There’s a fundamental change from finding ways to innovate inside a corporation to leveraging the knowledge ecologies of many little companies in places like Silicon Valley. You find that the shift turns much of the classical R&D into A&D – that is, acquisition and development. Larger companies can buy the research they need and instantly acquire a diverse portfolio of research groups.

I’ll be honest though, it’s not an easy sell. Even for the corporate leaders who ‘get it’ the reflex instinct is to think (sometimes aloud) “makes sense, but we can do that ourselves”. Well, you can’t prove a negative, but we’ve spent a long time inside these same big financial institutions, and our many years of experience led us to conclude that it is bloody hard to do (for all the reasons above and more.) On the bright side, being challenged makes you think harder and forces you to refine and adapt your ideas, ultimately making them better. Hearts and minds. Hearts and minds. Wish us luck.

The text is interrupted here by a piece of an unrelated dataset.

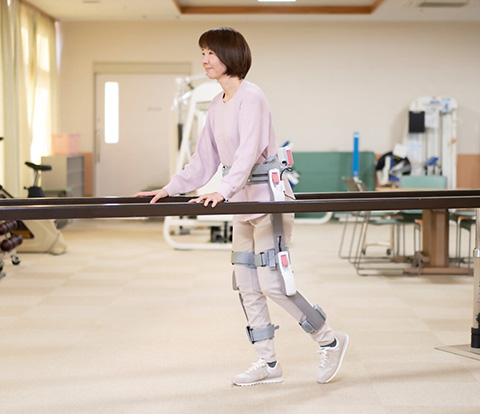 歩行トレーニングロボットcurara®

* Just to be clear, I have nothing against the FT or the WSJ per se, I read them regularly (well WSJ not so much) and think they are solid publications. I’m not suggesting they aren’t important sources of information and opinion – you’d be stupid not to read them if you are in finance – just that, and this is the wonderful thing about the world in 2009 – I think you need to read much more widely and in particular embrace at least a diversity of viewpoints, if not views.